* _Stored data_
▽
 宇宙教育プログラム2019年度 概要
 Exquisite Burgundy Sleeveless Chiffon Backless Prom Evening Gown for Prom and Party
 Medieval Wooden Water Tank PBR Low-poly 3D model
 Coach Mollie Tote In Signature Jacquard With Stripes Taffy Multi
△
▽
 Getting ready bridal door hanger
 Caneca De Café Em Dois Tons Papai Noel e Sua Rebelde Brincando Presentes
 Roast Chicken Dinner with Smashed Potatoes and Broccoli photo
△
▽
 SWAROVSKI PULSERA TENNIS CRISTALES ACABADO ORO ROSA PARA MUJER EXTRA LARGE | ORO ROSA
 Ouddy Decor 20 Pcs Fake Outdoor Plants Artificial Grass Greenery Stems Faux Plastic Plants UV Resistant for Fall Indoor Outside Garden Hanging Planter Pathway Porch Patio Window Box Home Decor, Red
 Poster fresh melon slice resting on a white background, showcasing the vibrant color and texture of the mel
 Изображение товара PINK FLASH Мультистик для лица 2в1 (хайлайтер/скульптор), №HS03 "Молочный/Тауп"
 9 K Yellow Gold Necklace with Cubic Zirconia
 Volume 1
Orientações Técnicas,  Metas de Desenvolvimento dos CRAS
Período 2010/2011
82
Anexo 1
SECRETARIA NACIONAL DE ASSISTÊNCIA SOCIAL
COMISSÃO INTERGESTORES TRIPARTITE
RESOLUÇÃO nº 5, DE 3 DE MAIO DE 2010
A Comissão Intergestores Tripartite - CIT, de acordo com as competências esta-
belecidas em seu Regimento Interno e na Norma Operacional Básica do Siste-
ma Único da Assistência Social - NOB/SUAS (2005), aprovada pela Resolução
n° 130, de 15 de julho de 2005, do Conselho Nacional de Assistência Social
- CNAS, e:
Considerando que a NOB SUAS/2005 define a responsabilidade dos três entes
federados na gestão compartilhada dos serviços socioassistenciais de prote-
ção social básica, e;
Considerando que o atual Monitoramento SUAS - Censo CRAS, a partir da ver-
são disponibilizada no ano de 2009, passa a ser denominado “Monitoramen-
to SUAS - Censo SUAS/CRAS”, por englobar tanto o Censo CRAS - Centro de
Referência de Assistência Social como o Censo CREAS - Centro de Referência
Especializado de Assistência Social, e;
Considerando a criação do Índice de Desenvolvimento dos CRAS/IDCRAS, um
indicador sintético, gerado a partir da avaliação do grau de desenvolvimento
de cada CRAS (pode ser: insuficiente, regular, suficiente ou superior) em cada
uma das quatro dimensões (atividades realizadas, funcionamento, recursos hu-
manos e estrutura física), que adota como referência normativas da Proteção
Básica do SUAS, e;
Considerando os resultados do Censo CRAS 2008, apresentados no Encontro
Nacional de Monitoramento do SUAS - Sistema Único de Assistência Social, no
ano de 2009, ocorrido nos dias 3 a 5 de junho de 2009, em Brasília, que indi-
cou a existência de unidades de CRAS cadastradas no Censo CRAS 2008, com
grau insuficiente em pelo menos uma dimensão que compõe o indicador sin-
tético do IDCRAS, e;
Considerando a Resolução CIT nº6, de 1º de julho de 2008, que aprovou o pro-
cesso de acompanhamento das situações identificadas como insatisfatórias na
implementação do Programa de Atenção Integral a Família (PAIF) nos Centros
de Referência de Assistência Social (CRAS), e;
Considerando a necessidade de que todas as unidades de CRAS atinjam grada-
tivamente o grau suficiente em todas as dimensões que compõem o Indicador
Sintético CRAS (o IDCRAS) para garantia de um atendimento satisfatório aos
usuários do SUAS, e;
△
* _Exercise objective_
Since only part of the listing is wanted, copy exactly the lines from the one holding "Getting ready bridal door hanger" to the one holding "Roast Chicken Dinner", both included.

* _Reply to the task_
 Getting ready bridal door hanger
 Caneca De Café Em Dois Tons Papai Noel e Sua Rebelde Brincando Presentes
 Roast Chicken Dinner with Smashed Potatoes and Broccoli photo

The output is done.